Plaintiff seeks from each non-party the identical information he sought in his prior motion. (Cf. Dkt. No. 64, at 15-19, with Dkt. No. 53, at 18-19, 21-23.) As earlier summarized by the court (Dkt. No. 56, at 3 (citations omitted) (emphasis added)):
From psychiatrist Terry Kupers, M.D. . . . plaintiff seeks "any and all data/reports in your possession" that: (1) address "the adverse/non-adverse [e]ffects of 'sexual repression or suppression' or 'sexuality that is repressed or suppressed;" (2) "support or substantiate the fact (or theory) that human beings are innately 'sexual;' and (3) "support or substantiate the fact (or theory) that homosexual behavior can surface as a result of sexual repression/suppression."

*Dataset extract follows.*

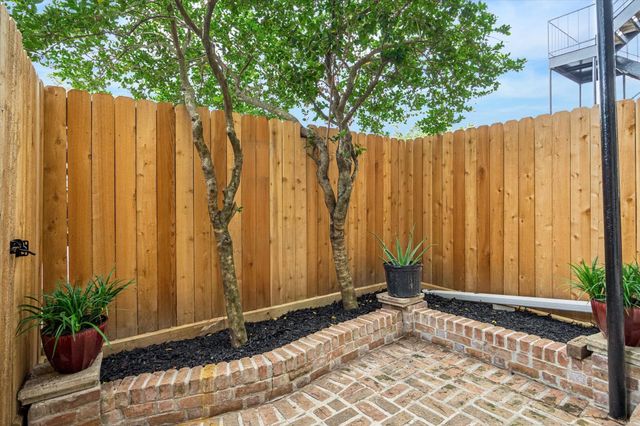 453 N Post Oak Lane, Houston, TX 77024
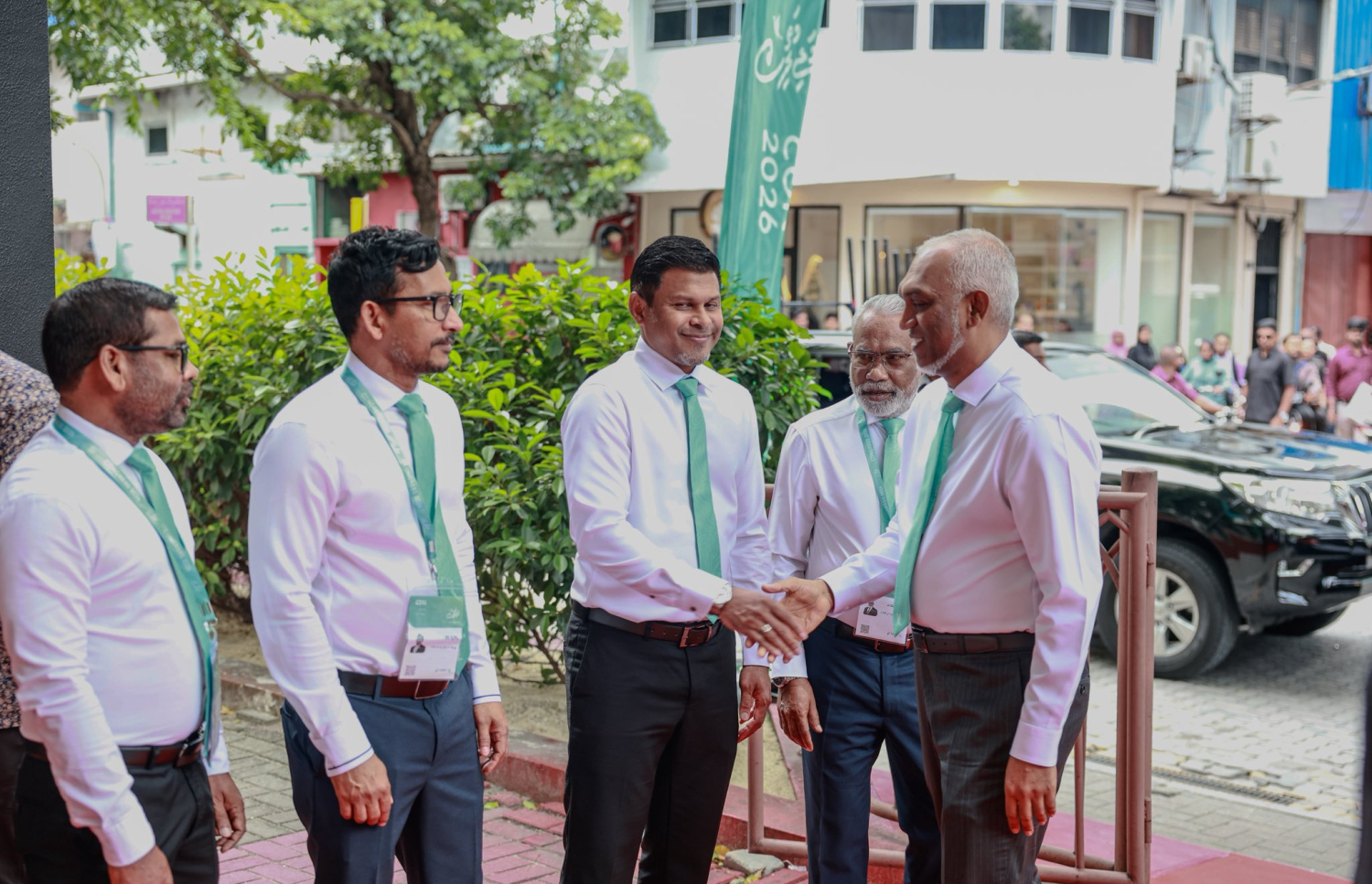 ޕީއެންސީ ކޮންގްރެސް ފެށުމަށް މިއަދު ހެެނދުނު ބޭއްވި ރަސްމިއްޔާތުގައި ރައީސް ޑރ. މުއިއްޒު، ނައިބް ރައީސް ހުސެއިން މުހައްމަދު ލަތީފާ ސަލާމް ކުރައްވަނީ -- ފޮޓޯ: ޕީއެންސީ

Finally, from the "Kinsey Institute". . . plaintiff seeks "[a] list of names and contact information for any and all psychiatrists, psychologists, sociologists (or any other professional who would qualify as an 'expert')" that (1) "specializes in the study of 'sexual repression/suppression' or 'sexuality that is repressed or suppressed;'" (2) "could attest to the fact that human beings are innately 'sexual;'" and (3) "could attest to the various explanations of why some human beings engage in homosexual behavior;" as well as "[a]ny and all data/reports maintained by the Kinsey Institute" that (4) "analyzes and/or studies the adverse/non-adverse [e]ffects of 'sexual repression/suppression' or 'sexuality that is repressed or suppressed;'" (5) "would support or substantiate the fact (or theory) that human beings are innately 'sexual;'" and (6) "would support or substantiate the fact (or theory) that homosexual behavior can surface as a result of sexual repression or suppression."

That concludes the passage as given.